第三 被告人には再犯の可能性は全然なく、改悛の情顕著なものがあります。
一 被告人の前科として二犯がありますものの、全て罰金刑であって、正式裁判にて裁きの場に立ったのは今回が初めてであり、また、被告人の妻も今後は被告人の相談に乗り監督して行く旨証言しております。
二 被告人は、脱税した金額の一部と銀行からの借り入れによって、名古屋市東区内に住宅地を購入しましたので、住宅地を売却して納税しようとしましたものの、現在の不況時であるため、銀行からの借入金を支払った上に脱税した金額を支払うことのできる金額にて売却できなかった訳です。
このような状況でありますのにかかわらず、前記のとおり、計六〇〇〇万円を納税したのですから、被告人には改悛の情顕著なものが認められますが、原判決は、検察官の求刑にありました懲役刑を減ずることなく、また、罰金刑も求刑のうち、一〇〇〇万円を減じたのみ刑罰を言い渡したのです。

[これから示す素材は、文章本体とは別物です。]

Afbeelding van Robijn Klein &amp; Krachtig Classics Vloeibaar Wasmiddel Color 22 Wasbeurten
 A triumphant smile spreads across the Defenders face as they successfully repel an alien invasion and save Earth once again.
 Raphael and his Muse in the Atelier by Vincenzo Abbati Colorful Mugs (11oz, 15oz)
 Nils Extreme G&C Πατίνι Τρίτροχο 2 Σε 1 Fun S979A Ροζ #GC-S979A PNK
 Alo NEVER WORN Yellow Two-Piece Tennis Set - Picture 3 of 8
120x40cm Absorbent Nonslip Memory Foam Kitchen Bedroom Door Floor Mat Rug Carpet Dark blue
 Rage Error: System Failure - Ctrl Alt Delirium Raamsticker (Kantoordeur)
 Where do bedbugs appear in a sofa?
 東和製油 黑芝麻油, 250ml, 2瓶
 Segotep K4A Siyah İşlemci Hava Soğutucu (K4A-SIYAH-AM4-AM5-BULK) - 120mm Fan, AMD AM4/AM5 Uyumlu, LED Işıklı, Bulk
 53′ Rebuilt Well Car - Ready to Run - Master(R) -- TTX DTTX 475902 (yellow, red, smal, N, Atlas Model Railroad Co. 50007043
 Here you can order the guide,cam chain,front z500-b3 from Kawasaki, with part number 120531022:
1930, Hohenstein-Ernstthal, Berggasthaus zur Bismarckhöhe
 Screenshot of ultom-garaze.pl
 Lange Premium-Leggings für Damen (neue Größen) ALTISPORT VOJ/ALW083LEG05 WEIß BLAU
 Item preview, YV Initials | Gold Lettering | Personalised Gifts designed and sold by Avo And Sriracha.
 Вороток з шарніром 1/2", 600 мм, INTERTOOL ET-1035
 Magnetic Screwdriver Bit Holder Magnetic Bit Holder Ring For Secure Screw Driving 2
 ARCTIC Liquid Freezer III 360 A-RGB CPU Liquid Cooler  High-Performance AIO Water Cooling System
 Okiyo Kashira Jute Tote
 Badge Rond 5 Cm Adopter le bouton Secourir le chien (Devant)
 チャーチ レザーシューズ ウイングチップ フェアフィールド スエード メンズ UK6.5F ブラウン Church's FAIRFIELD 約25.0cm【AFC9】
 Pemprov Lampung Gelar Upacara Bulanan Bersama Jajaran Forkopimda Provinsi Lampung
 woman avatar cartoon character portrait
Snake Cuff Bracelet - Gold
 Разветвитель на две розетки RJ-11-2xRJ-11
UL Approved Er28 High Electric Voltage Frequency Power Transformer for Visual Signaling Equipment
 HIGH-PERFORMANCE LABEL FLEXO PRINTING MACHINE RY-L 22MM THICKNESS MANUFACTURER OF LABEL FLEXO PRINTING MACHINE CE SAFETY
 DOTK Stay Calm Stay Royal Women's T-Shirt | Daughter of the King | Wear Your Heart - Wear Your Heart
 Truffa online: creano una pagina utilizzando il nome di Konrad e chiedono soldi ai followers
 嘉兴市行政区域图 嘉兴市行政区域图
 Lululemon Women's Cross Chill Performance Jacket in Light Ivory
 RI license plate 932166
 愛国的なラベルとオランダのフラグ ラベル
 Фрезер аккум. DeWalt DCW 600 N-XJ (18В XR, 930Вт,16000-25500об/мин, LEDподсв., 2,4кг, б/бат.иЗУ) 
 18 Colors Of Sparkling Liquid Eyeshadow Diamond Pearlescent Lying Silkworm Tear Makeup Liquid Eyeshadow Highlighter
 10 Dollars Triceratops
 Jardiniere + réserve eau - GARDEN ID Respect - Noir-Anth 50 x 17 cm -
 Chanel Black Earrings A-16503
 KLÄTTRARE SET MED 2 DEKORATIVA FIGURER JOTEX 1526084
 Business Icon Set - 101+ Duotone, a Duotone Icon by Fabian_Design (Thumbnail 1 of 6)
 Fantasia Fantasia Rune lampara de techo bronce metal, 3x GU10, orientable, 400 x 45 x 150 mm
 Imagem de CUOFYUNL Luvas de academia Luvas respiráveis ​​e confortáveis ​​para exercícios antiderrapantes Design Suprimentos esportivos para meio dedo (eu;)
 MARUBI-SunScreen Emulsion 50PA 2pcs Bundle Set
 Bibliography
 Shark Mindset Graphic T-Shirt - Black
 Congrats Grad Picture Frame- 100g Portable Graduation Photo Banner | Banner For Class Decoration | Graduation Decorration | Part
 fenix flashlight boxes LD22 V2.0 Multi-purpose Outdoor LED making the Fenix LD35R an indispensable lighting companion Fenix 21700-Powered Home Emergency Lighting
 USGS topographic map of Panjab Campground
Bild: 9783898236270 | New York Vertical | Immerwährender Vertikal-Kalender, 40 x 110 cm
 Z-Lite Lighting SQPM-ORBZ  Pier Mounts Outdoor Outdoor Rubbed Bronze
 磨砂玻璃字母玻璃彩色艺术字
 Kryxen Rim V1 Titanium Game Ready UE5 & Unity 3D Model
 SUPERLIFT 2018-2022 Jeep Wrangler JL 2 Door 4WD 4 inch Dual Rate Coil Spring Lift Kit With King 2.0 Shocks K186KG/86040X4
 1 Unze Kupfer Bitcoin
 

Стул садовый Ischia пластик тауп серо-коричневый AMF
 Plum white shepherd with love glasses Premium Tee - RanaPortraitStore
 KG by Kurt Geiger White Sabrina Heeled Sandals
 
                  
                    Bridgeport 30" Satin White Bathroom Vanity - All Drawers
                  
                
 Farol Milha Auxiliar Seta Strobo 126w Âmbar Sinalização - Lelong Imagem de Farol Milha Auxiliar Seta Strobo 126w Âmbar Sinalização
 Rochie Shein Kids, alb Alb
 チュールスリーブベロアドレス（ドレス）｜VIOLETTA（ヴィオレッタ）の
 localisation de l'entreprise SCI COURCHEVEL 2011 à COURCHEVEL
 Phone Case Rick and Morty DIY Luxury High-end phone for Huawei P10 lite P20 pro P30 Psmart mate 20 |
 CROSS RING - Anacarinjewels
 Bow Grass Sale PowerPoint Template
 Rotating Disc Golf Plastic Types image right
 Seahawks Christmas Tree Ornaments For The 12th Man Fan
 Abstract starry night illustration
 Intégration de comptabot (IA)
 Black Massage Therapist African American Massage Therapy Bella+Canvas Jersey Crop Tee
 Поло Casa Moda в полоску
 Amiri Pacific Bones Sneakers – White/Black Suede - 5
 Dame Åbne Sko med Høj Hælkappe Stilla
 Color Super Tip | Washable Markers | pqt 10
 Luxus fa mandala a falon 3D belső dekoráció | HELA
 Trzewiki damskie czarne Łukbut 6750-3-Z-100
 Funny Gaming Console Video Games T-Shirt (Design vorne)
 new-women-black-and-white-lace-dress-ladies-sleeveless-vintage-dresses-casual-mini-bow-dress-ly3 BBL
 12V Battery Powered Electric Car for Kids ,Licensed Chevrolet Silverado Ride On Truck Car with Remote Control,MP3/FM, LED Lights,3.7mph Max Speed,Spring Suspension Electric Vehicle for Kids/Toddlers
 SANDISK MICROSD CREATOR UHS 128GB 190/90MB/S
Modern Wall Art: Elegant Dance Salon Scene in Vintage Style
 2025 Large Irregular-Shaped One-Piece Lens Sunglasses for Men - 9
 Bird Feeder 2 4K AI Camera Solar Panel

三 この事情をみますと、原判決の量刑著しく重きに失ししているものと認められます(以下の点について、控訴審にて立証予定です。)。
第四 結論
右のとおり、被告人には、種々の有利な情状がありますのに、原判決は、看過した量刑を言い渡したものであって、その量刑著しく重きに失し、到底、破棄を免れないものと認められます。
以上のとおり、原判決は、その量刑著しく重きに失し到底破棄を免れないものと認められ、適正な量刑の判決の言い渡されることを切望して、控訴した次第です。